百済救援のため九州に下り、661年、朝倉橘広庭宮(福岡県朝倉郡)で亡くなった斉明天皇の菩提をとむらうため、天智天皇の発願によって建てられた寺。天平18年(746)完成、盛時、九州の寺院の中心であり、方三町の寺域に七堂伽藍がそびえ、府の大寺とよばれた。日本最古の国宝梵鐘は有名である。

太宰府市

 

「観世音寺」の案内板より

 

661年7月、女帝斉明天皇は百済救援のため滞在していた朝倉橘広庭宮で突然崩御します。中大兄皇子はこの母の供養ため大野山の麓に寺院創建の命を出しました。
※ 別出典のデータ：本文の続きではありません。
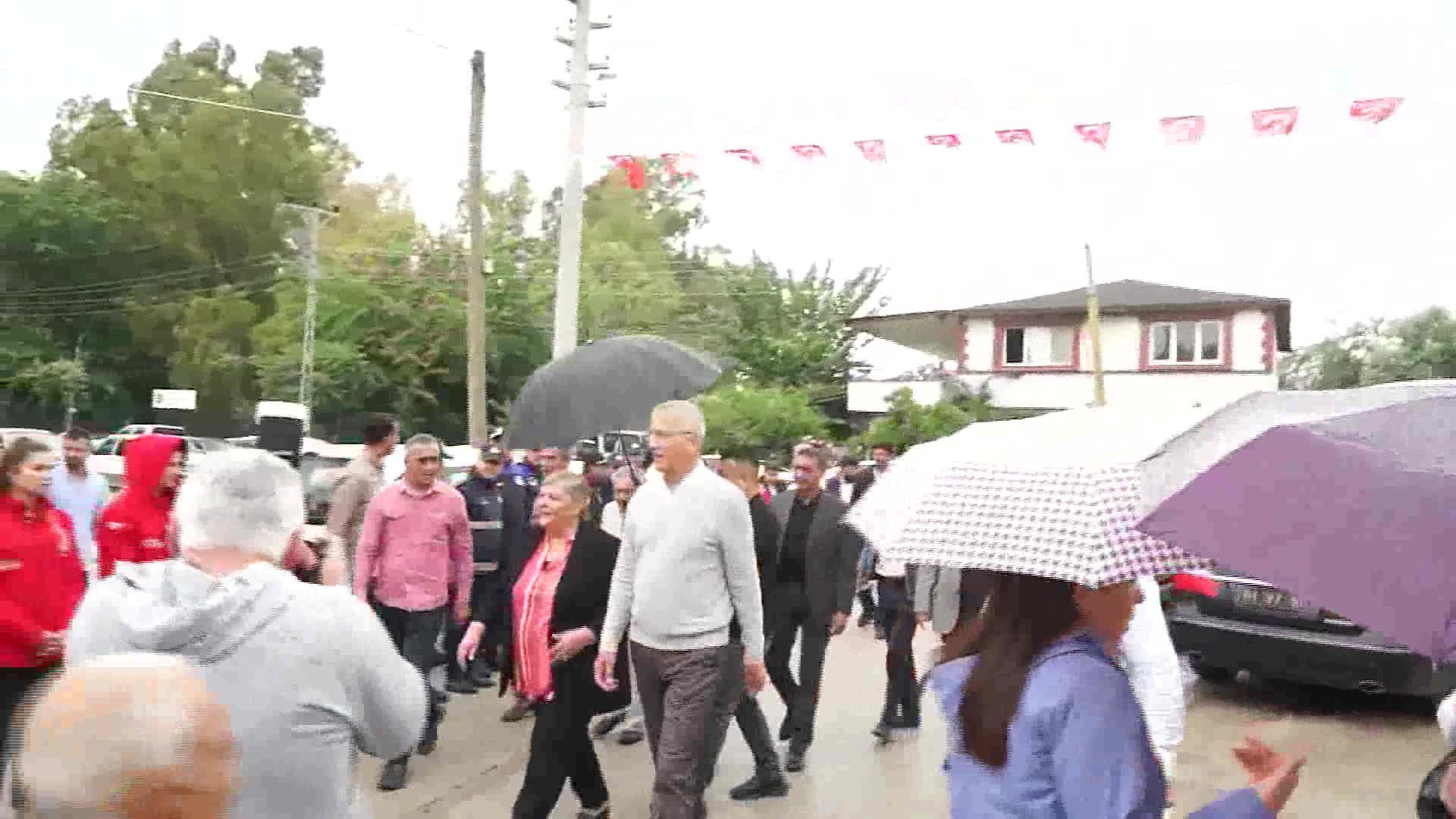 MEZİTLİ BELEDİYE BAŞKANI TARHAN’DAN MEMLEKETİ MUSTAFABEYLİ’YE VEFA PARKI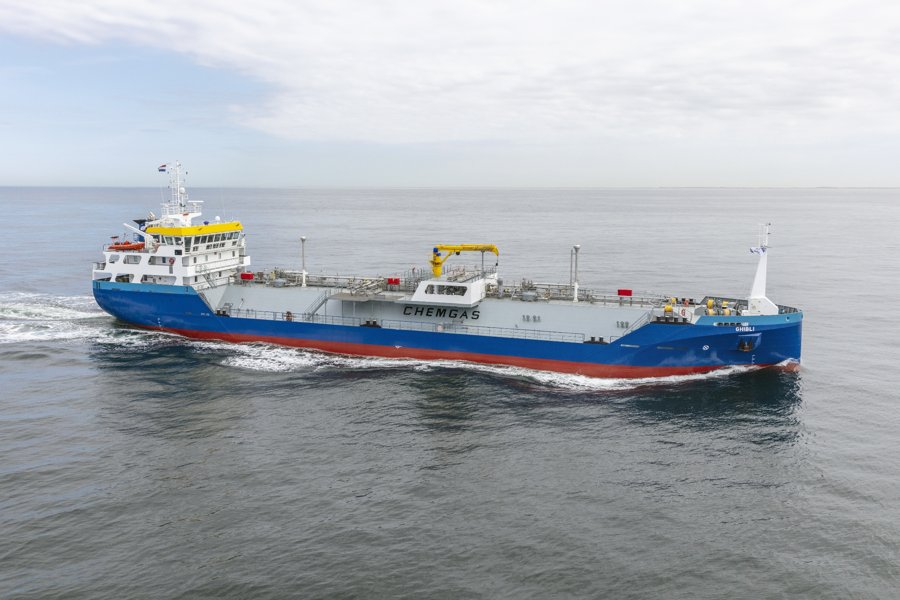 Teeside Departure: GHIBLI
これが観世音寺です。
その2年後「白村江の戦い」に敗れ、防衛のため那の津の「官家」を内陸部に移すことになりますが、その移設の先がこの観世音寺に西側に隣接する土地でした。
これよりこの一帯は、「九州を管理する政治庁舎」と「大規模寺院」の建設が同時に進み、それに付随する民家や商家などが増え始め、大都市への基盤が出来上がっていったと思われます。
奈良時代には唐の高僧の鑑真が来日しこの観世音寺で初の授戒を行い、その地には十数年後「戒壇院」が建立されます。
現在の観世音寺には、鐘楼に国宝の「梵鐘」が下がり、多数の重要文化財指定の観音像、菩薩像、阿弥陀如来像など安置されています。
 
 
 

 

【国宝「梵鐘」】

この梵鐘は京都妙心寺の鐘と兄弟と云われその古さに於いても亦優秀さに於いても正に日本一と称せられ糟屋郡多々良で鋳造されたと伝えられています。

菅公の詩に
都府楼纔看瓦色 観音寺唯聴鐘聲
とあるのはこの鐘であります。

観世音寺 国宝「梵鐘」の立札より

 

「菅公の詩」とは菅原道真の漢詩「不出門」の一部の句で、謹慎状態の謫居(たっきょ)で、今の境遇と心境を詠ったものです。

「都府楼の屋根がわずかに見え、観世音寺の鐘の響がただ聴こえる」

全文を知りたい方は「不出門」でネット検索してみてください。